*** Data extracts ***

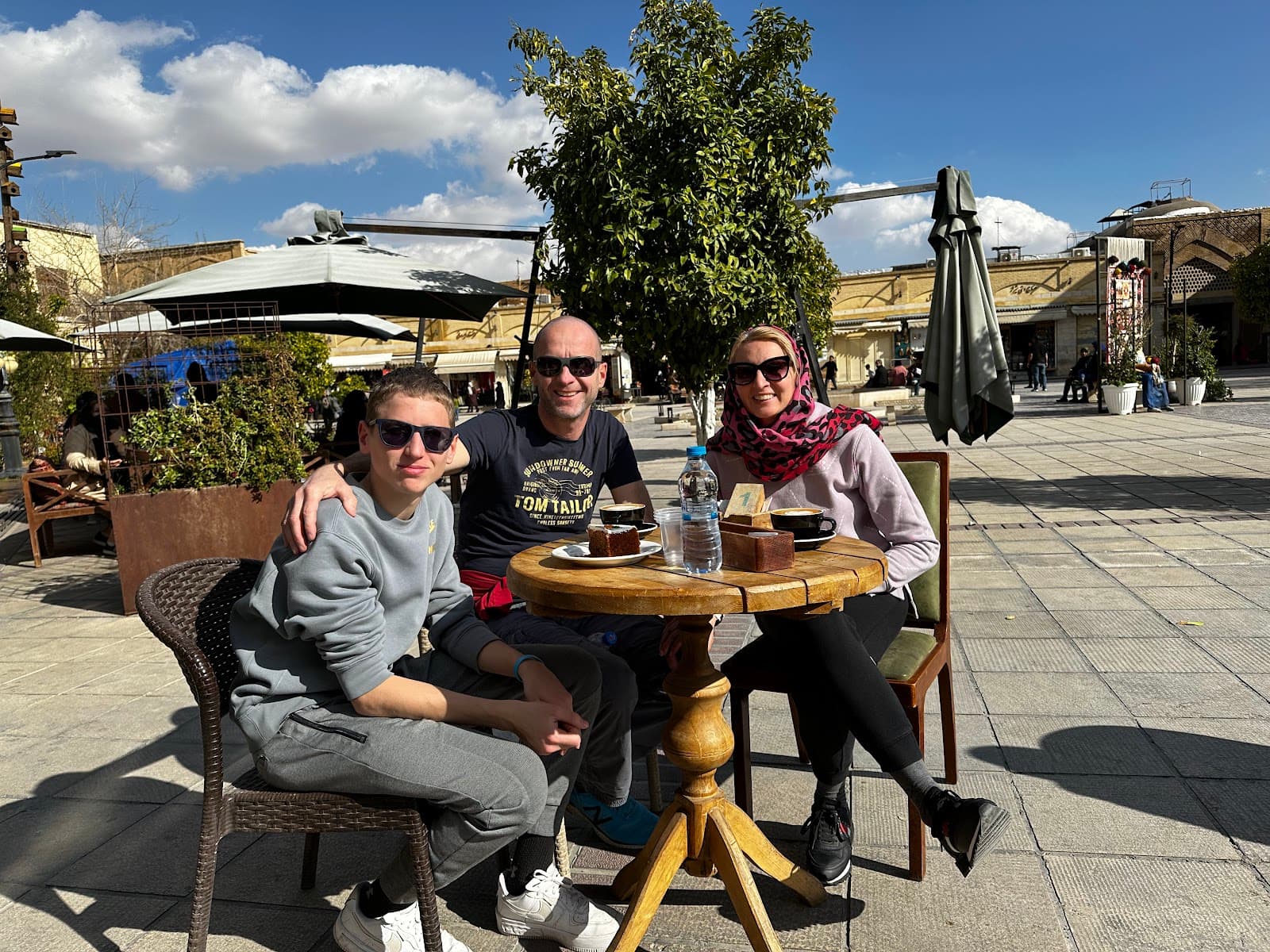 Cafe Honar کافه هنر 3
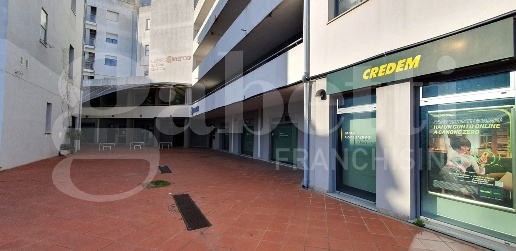 Foto Ufficio in Edmond De Clopper, Nuoro Centro di 412 m² con 1 locali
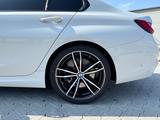 BMW 330d Lim. M-Sport  - BMW 330 mit Diesel-Antrieb: Alcantara, Limousine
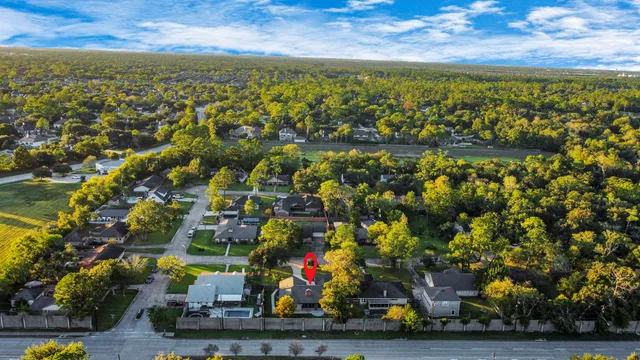 $2,500 | 103 Cherry Tree Lane, Friendswood, TX 77546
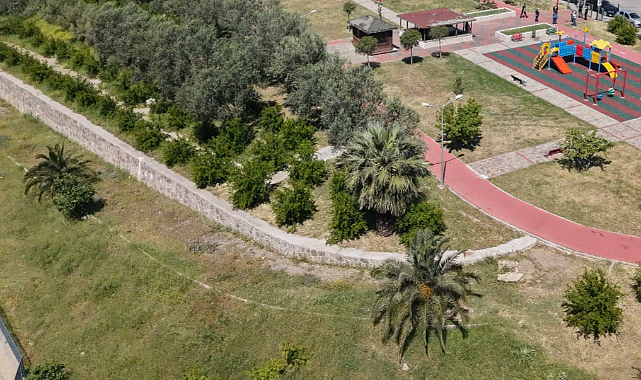 Karşıyaka'daki 31 Parkta Yenileme Çalışması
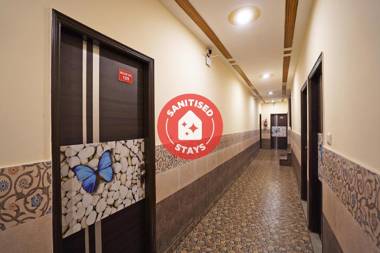 OYO 46922 Qlark White Palace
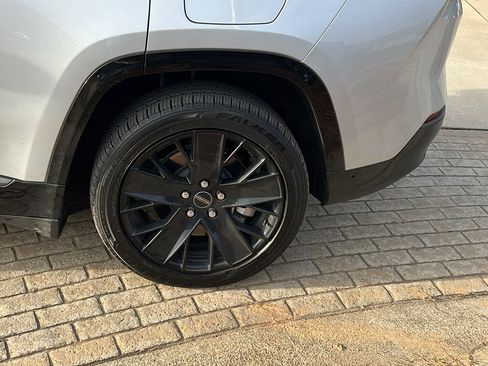 Used 2024 Jeep Wagoneer Launch Edition image 12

*** End of Data extracts ***

Reproduce the listing word for word. Do not carry over the pictures.

**Exercise answer**
 Cafe Honar کافه هنر 3
 Foto Ufficio in Edmond De Clopper, Nuoro Centro di 412 m² con 1 locali
 BMW 330d Lim. M-Sport  - BMW 330 mit Diesel-Antrieb: Alcantara, Limousine
 $2,500 | 103 Cherry Tree Lane, Friendswood, TX 77546
 Karşıyaka'daki 31 Parkta Yenileme Çalışması
 OYO 46922 Qlark White Palace
 Used 2024 Jeep Wagoneer Launch Edition image 12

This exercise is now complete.